Amazon has issued a statement that adds a little more clarity to its Web services outage on Friday.
Early this morning, at 3:30am PST, we started seeing elevated levels of authenticated requests from multiple users in one of our locations. While we carefully monitor our overall request volumes and these remained within normal ranges, we had not been monitoring the proportion of authenticated requests. Importantly, these cryptographic requests consume more resources per call than other request types.
Shortly before 4:00am PST, we began to see several other users significantly increase their volume of authenticated calls. The last of these pushed the authentication service over its maximum capacity before we could complete putting new capacity in place. In addition to processing authenticated requests, the authentication service also performs account validation on every request Amazon S3 handles. This caused Amazon S3 to be unable to process any requests in that location, beginning at 4:31am PST. By 6:48am PST, we had moved enough capacity online to resolve the issue.
As we said earlier today, though we're proud of our uptime track record over the past two years with this service, any amount of downtime is unacceptable. As part of the post mortem for this event, we have identified a set of short-term actions as well as longer term improvements. We are taking immediate action on the following: (a) improving our monitoring of the proportion of authenticated requests; (b) further increasing our authentication service capacity; and (c) adding additional defensive measures around the authenticated calls. Additionally, we’ve begun work on a service health dashboard, and expect to release that shortly.
Sincerely, The Amazon Web Services Team
Nick Carr has more. A few takeaways:
- Amazon is creating an uptime dashboard. That's a positive development.
- For now, you can chalk this outage up to growing pains at Amazon's Web services.
- Amazon needs to work on its customer communication.
- These cloud services are really an expectations game. As some talkbackers have noted electric service also goes down from time to time too. Do we hold computing power to a higher standard than the electric grid?
The customer reaction to Amazon's explanation verified those aforementioned takeaways. This post summed the customer perspective up well.
Thanks for the update. As to your longer-term plans to handle this, your plan to provide a "service health dashboard" is a particular good idea!! However to provide a truly excellent service health solution, Amazon need to provide machine-readable management data that we can integrate in our infrastrucure so that we in turn can tell our customers what is going on! Besides machine-readable info, aws blog-updates, RSS feeds and email notifications of major service health issues is a must! In addition customers like us need to be able to setup a error page redirect for if EC2 is down (so that users trying to access a web server hosted on EC2 will get a decent error if your normal EC2 infrastructure is down).

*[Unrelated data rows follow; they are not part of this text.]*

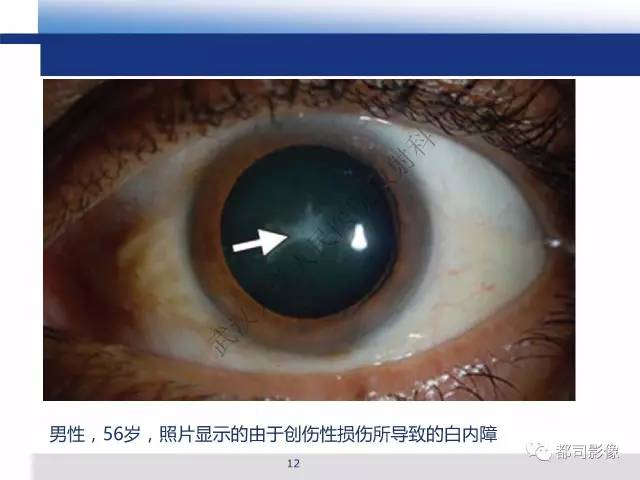 【PPT】眼球损伤影像诊断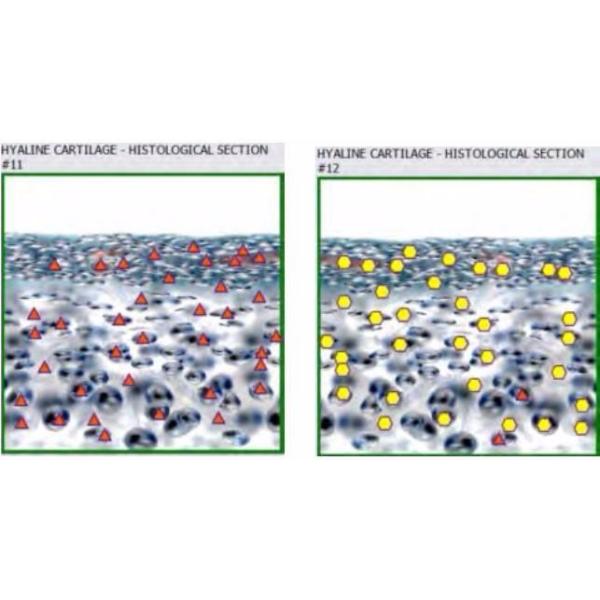 Metatron hunter 4025 with german software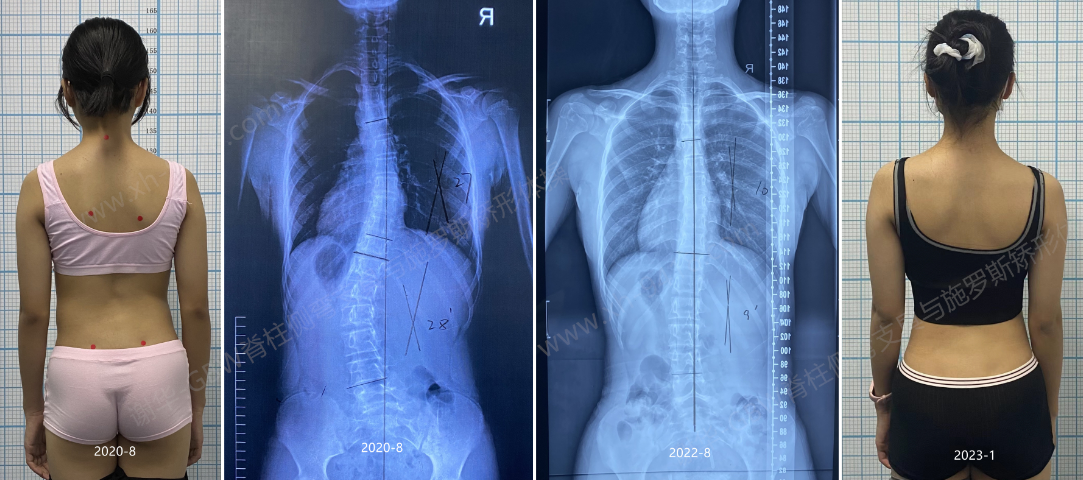 GBW施罗斯支具矫正案例20230204-两年的坚持 GBW脊柱侧弯支具矫正案例 第2张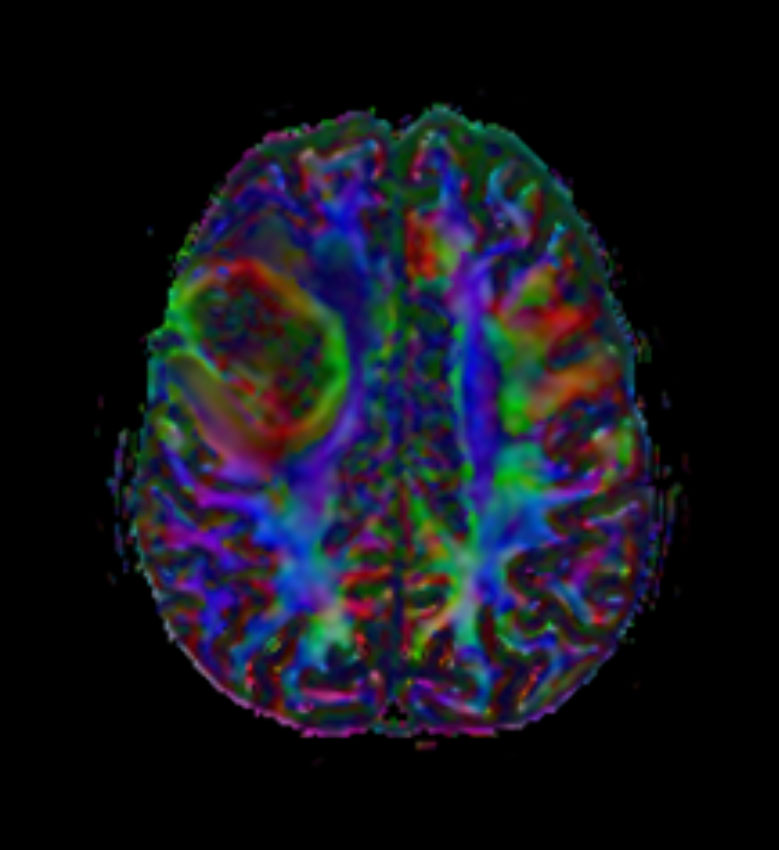 Axial DTI FiberTrak (FA)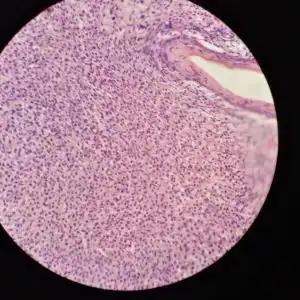 各位老师帮看看精索囊肿1岁囊壁因睾丸鞘膜积液手术发现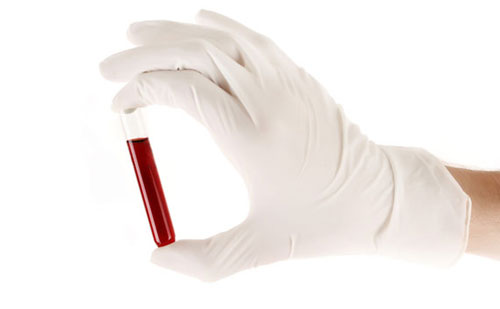 Kiểm tra máu có thể phát hiện bệnh ung thư giai đoạn 1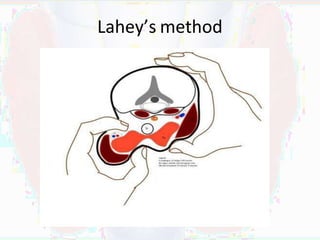 Lahey Incision Surgery Thyroid.pptx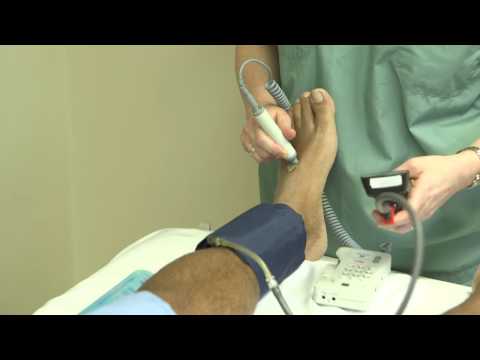 Video: Cara Mengambil Ankle Brachial Index: 14 Langkah (dengan Gambar)
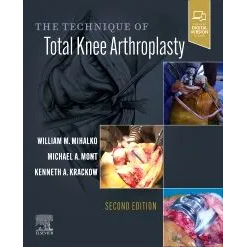 The Technique of Total Knee Arthroplasty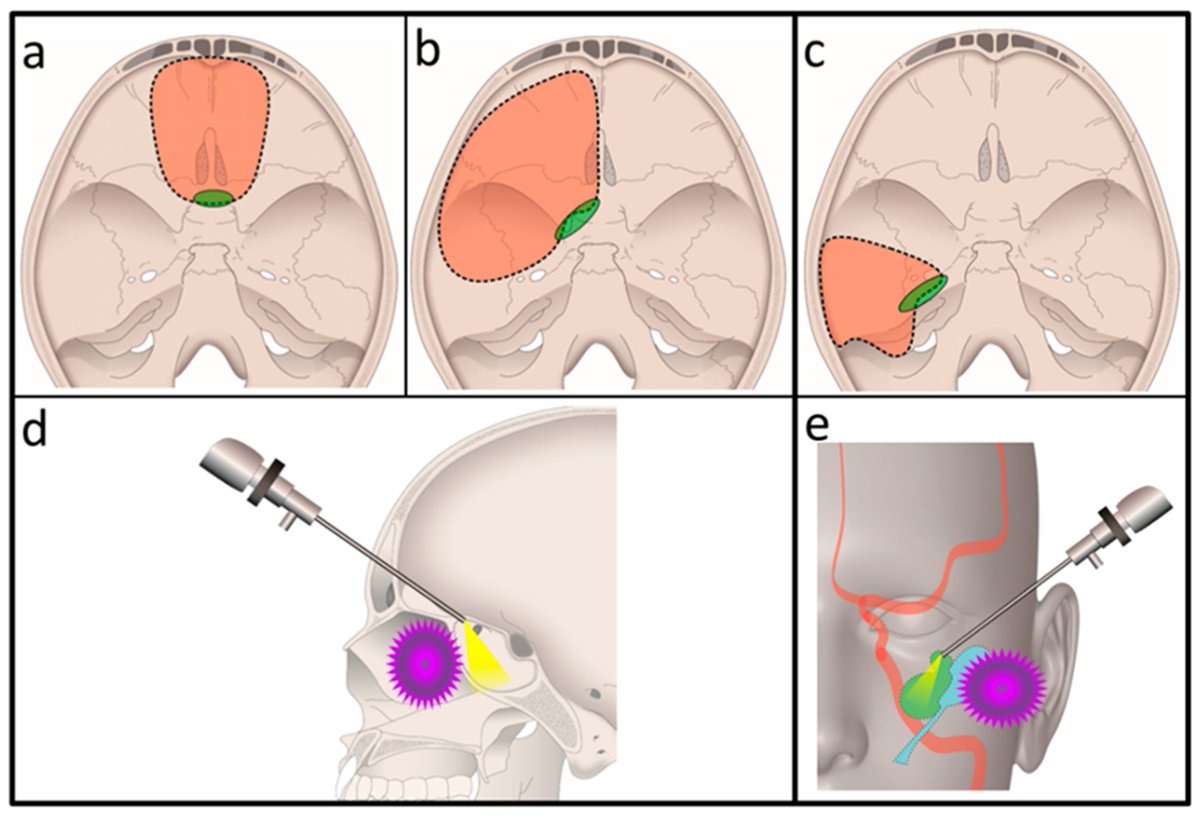 🔝 #HighlyCitedPaper Combined Exoscopic and Endoscopic Technique for Craniofacial Resection brnw.ch/21wJS3I #craniofacialresection #endoscope #exoscope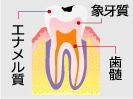 C1：軽度のむし歯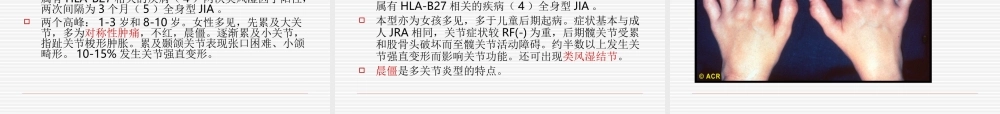 幼年类风湿关节炎13-14.ppt
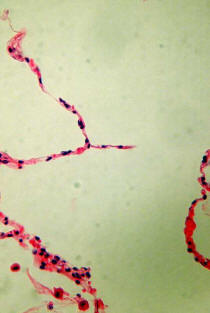 Simple Squamous Epithelium From the Lung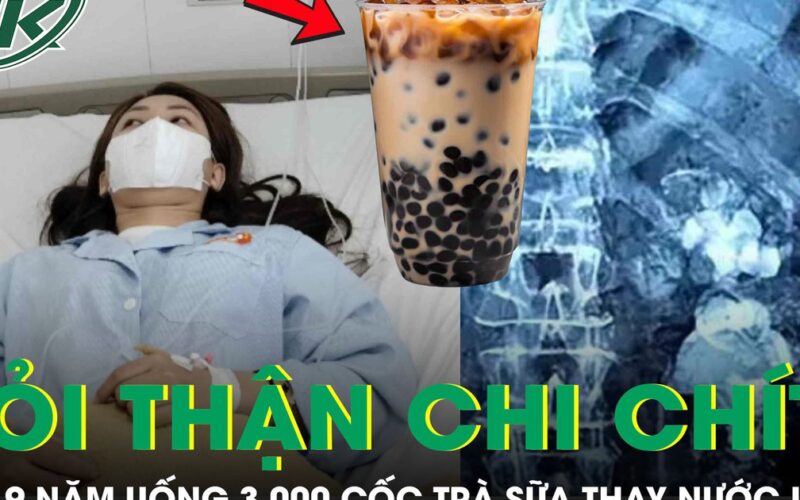 Uống 3.000 cốc trà sữa thay nước lọc suốt 9 năm, thận cô gái mọc chi chít sỏi
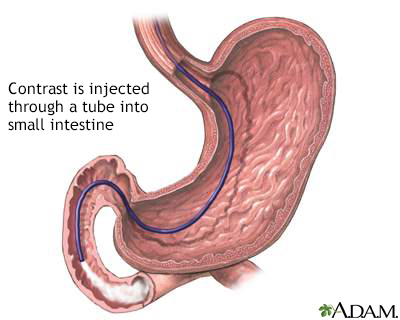 Small intestine contrast injection - Illustration Thumbnail
              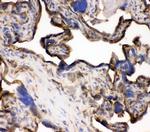 Transferrin Receptor Antibody in Immunohistochemistry (Frozen) (IHC (F))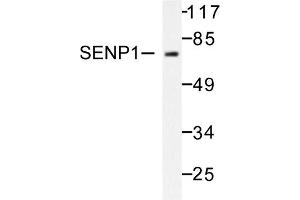 Image no. 1 for anti-SUMO1/sentrin Specific Peptidase 1 (SENP1) antibody (ABIN271955) (SENP1 Antikörper)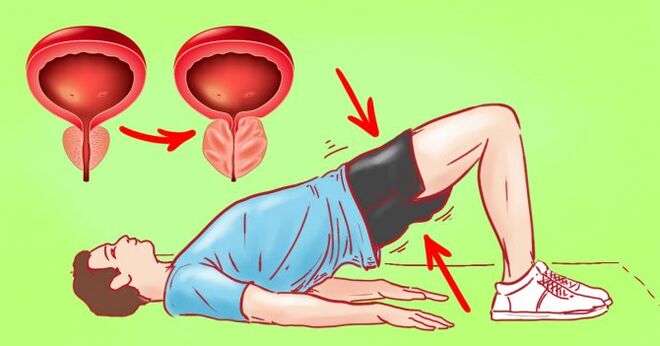 prostatit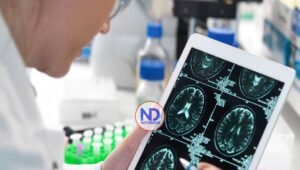 Descubren el ‘punto caliente’ del cerebro donde se produce el envejecimiento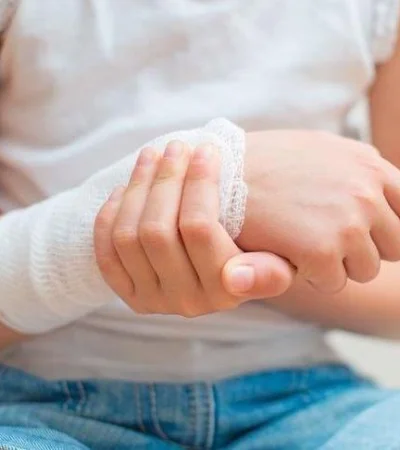 quemaduras-niños-mendoza-accidente-policiales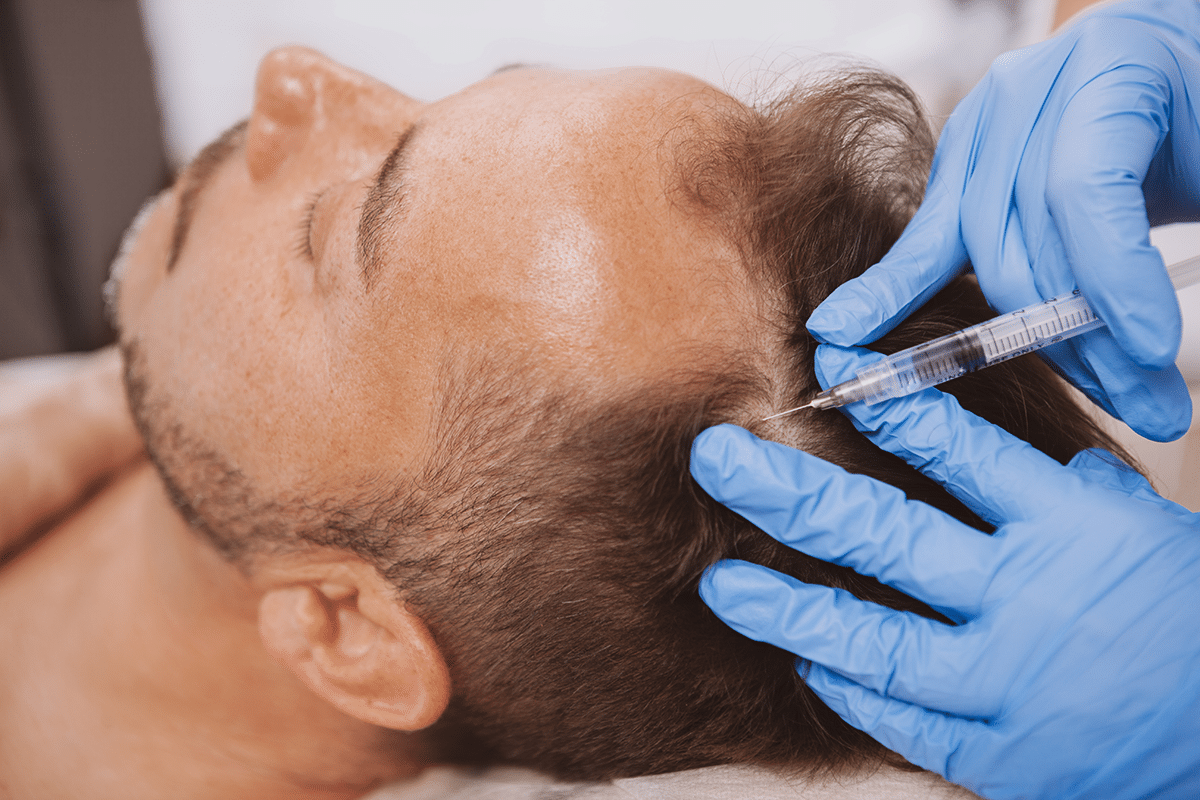 PRP Hair Treatment in london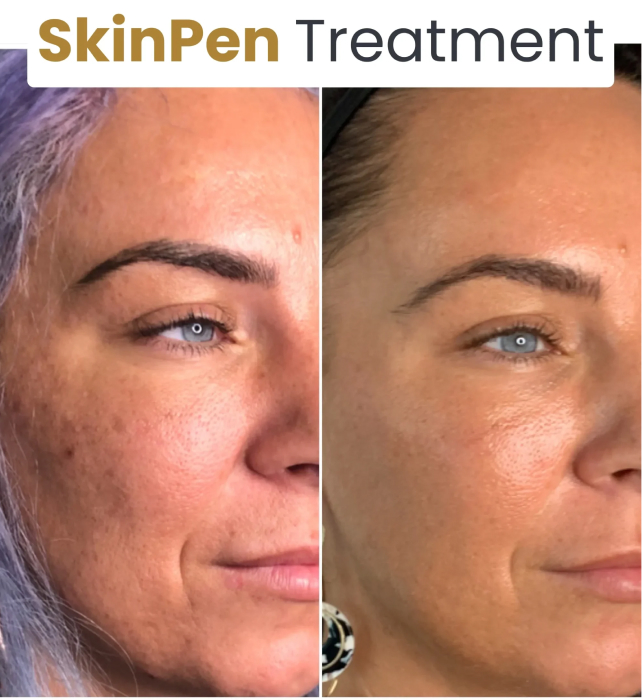 Skin Pen Microneedling 15 Skinpen 3 scaled e1702652582125 1 2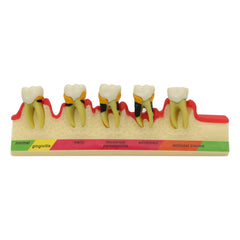 periodontal disease model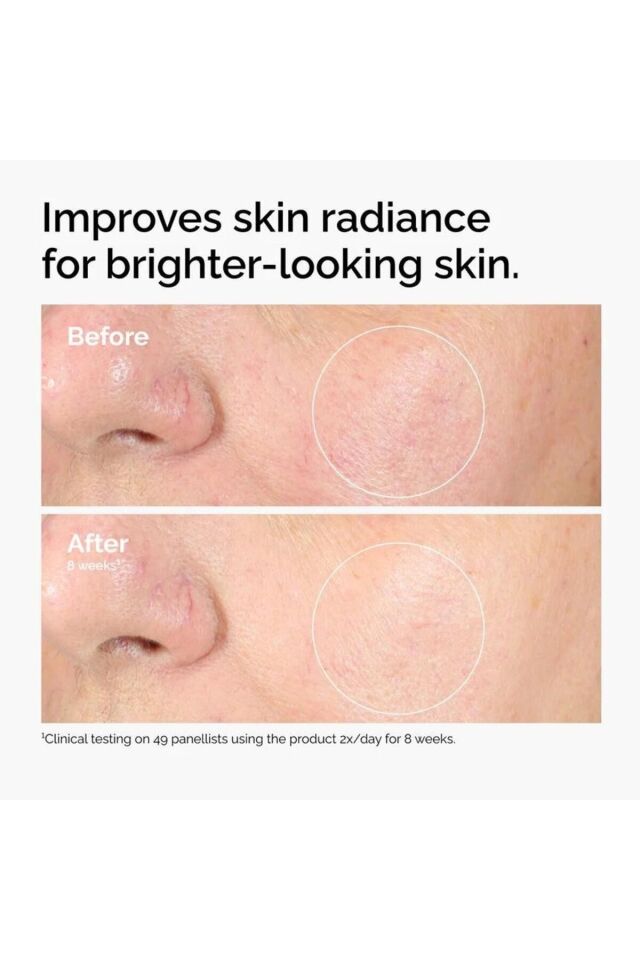 Alpha Arbutin 2% + HA 30ml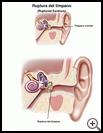 Thumbnail image of: Ruptured Eardrum: Illustration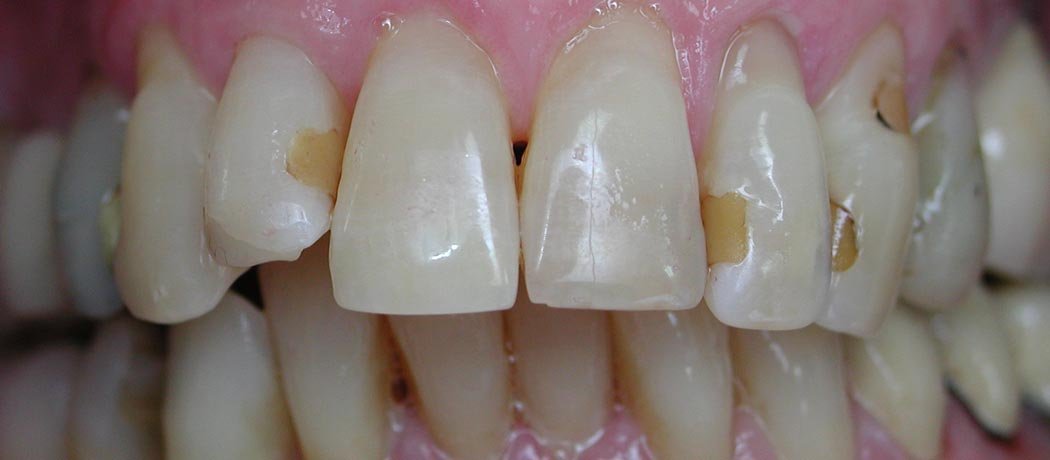 White fillings, Shankar Dental Clinic, Ramnagar, Nainital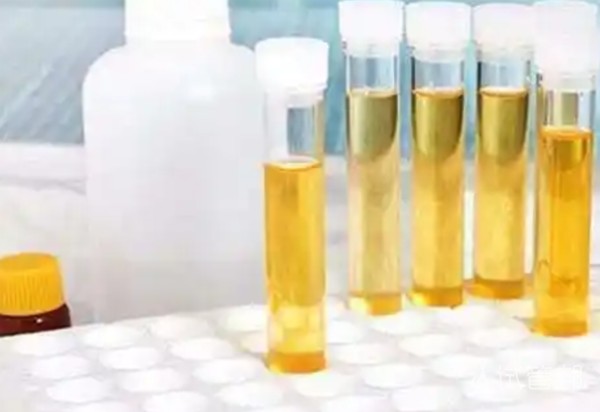 02c8ebc194de0df7c9c183834f421cd6.png 尿酸碱度偏低怎么办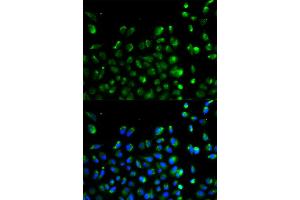 Immunofluorescence analysis of A549 cells using ATG13 antibody (ABIN5970264). (ATG13 anticorps)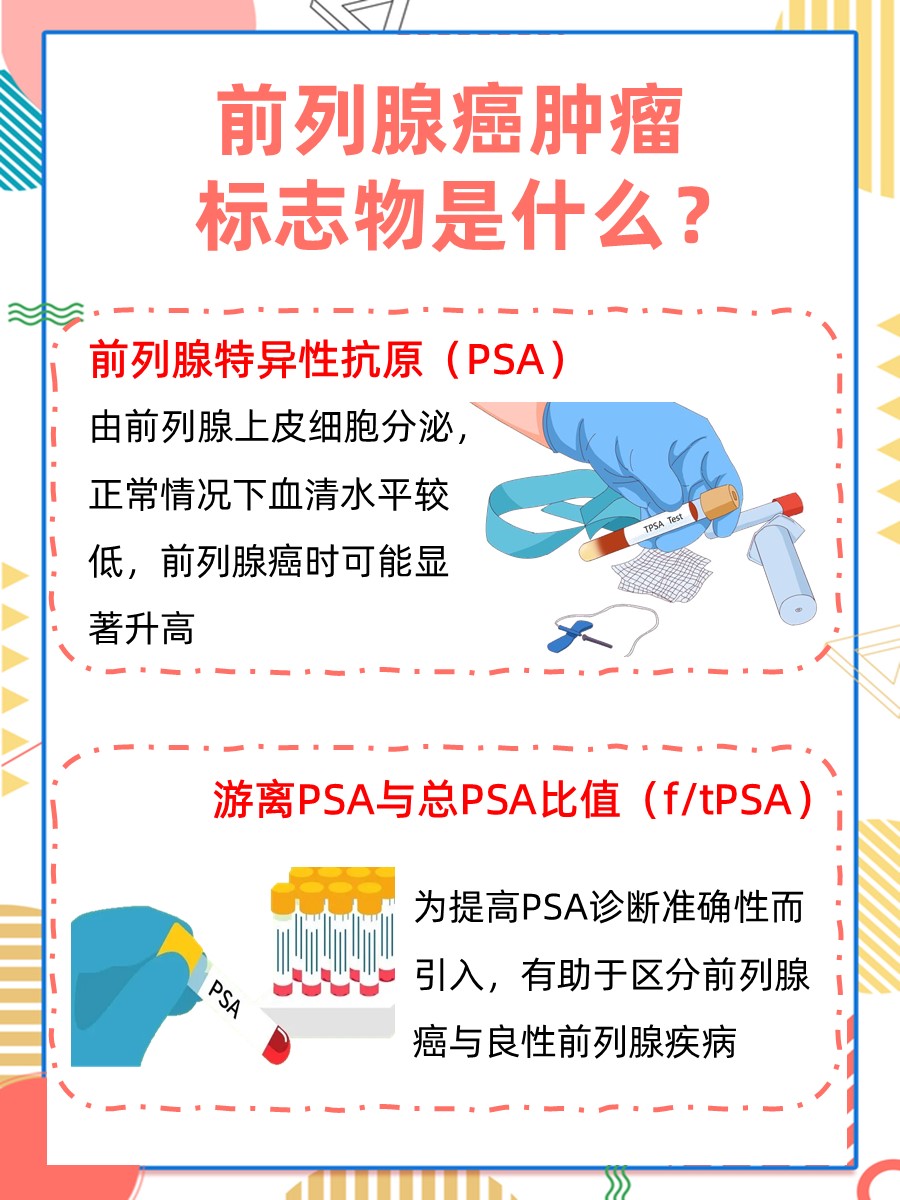 前列腺癌肿瘤标志物，你了解多少？
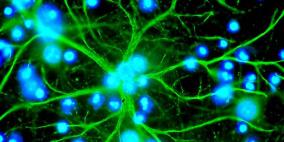 علماء من جامعة تكساس يتمكنون توليد خلايا عصبية من خلايا مساعدة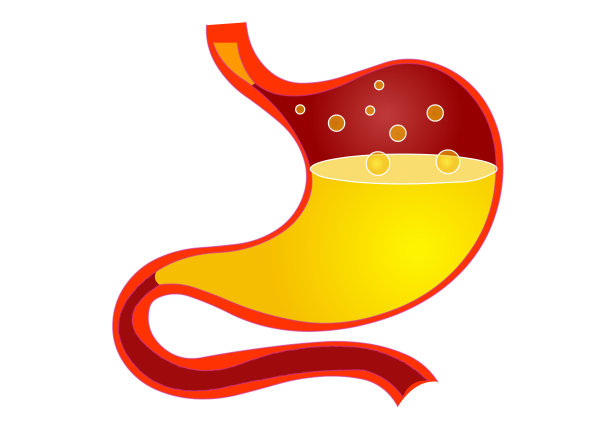 胃解剖图标。消化系统器官剖面图。红色的物体，黄色的液体，气泡。胃疾病。医学图形画出来。说明向量图片下载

BTW: Our company's biggest complaint is not that your servers where down but that we had to do quite some detective work to find out why (an error on our own servers?, a recent code update we did ? or the amazon aws itself ?). In this case lack of information from Amazon cost us more trouble/money that the actually outage. It is simply NOT good enough that you require your customers to browse through forum threads to find out what is wrong. There was NO info you your front page, no email notifications, no updates on your blog.